Is WP a legitimate stat?

xkonk · Post by **xkonk** » Tue Mar 26, 2013 6:36 pm

v-zero wrote:If they are accurately measuring what happened, and they are representative of a measurement of some underlying statistical quantity, then their mean represents an unbiased estimate of that quantity (assuming a few things hold). What that implies is that they should be the best unbiased estimate of themselves for future prediction, so if they fail to predict then they also are failing to accurately explain.

I.E. If you claim to measure how well a player played, then that measurement should also predict how well that player plays in future, unless the player's performance is drawn entirely at random - if player game-to-game performance isn't entirely random, then accurate measurements of it should lead to better future predictions. Ergo if WP predicts badly in comparison to others it is because it is less able to accurately measure the level of play of players from game to game, and hence fails because it is flawed, not because it creates outliers. Maybe it does create outliers, but if it does it is because it is flawed.

Let's say that this year is easily LeBron's best year in an objective sense; Naismith came down and told us so, and LeBron will do worse in future (and did so worse in past) seasons. An explanatory metric (like WP or WS or PER) with any kind of accuracy would give him a very high rating. When used to predict future performance, they would do relatively poorly because LeBron will do worse. A predictive metric like RAPM, or any metric that used regression to the mean or data from previous seasons, would give him a comparatively low rating. When used to predict future performance, it would do relatively well. Explanatory models will be sensitive to outlier-type seasons (or aging, or changes in player role or team philosophy, or any of the reasons that cause a player's production to change across seasons) whereas predictive models will smooth them out a bit.

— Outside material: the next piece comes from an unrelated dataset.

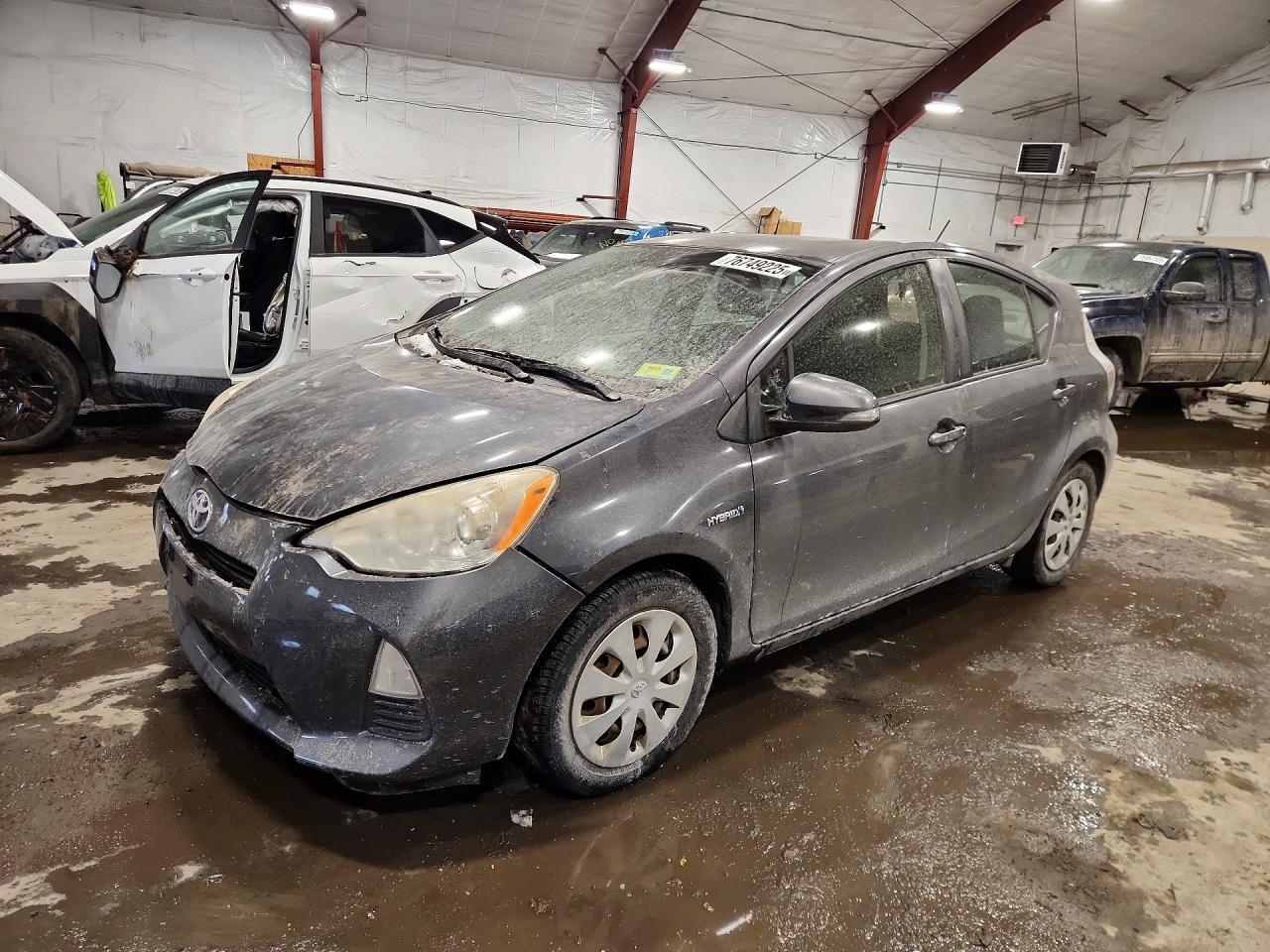 2012 TOYOTA Prius c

I think you have glossed over the flip side to your second paragraph, which is that your prediction of future performance should also be a measure of how well a player has already played. Yet the Sport Skeptic work (and maybe Neil has corroborating work?) shows that RAPM is relatively poor at describing the data it came from; i.e. player performance for 2010 does not sum to team performance for 2010. That is because RAPM is, by definition, a biased estimate (relevant to your first paragraph). This is exactly how it's supposed to work; it is supposed to predict out-of-sample, not explain in-sample.

None of which is to say that RAPM is inherently flawed or that WP is as good as the WoW guys claim. It's to point out that they (and models like them) have different purposes.

v-zero · Post by **v-zero** » Tue Mar 26, 2013 6:48 pm

I'm not sure you've really understood what I have said, and I didn't really explain it well, but nothing you've said really applies to what I am talking about. I am talking about statistics, really, not basketball.

I do agree that allowing access (and the obvious method is a Kalman-filter) to past performance game-to-game will improve the estimates made by box score metrics, but that isn't what I'm getting at. I'm saying the upper limit of the predictive ability of WP is set by its failure to explain who caused games to be won, not its failure to be built for prediction. It does so happen that using proper cross-validation does lead to more predictive metrics, but that does not make them flawed in terms of ability to explain the past. If you calculate RAPM, then force it to sum to team efficiency for each team, you will have a metric that is basically as predictive as RAPM and as explanatory as WP or any other that sums to team differential.

DSMok1 · Post by **DSMok1** » Tue Mar 26, 2013 7:29 pm

My philosophy for building ASPM was to match how Sabermetrics does its projections:

1. Explain what happened accurately
2. Add regression to the mean plus weights from prior years + aging to create a predictive model.

ASPM is point 1. I have not released a comprehensive part 2 to my model. Win Shares, Wins Produced, and PER, are also supposed to be point 1.

You can build a model that goes straight to point 2--adding the regression to the mean and prior year data. xRAPM does that, but not aging, at this point.

If you do cross validation, you will get regression to the mean built into the model.

However--if using box-score data, it is so stable that regression to the mean for cross validation accuracy is not very significant. It is very significant for APM, which is unstable. In other words--my estimate of single season TRUE TALENT level for ASPM (which would be performance + regression to the mean) will be far more confident and therefore have a wider spread than an RAPM model.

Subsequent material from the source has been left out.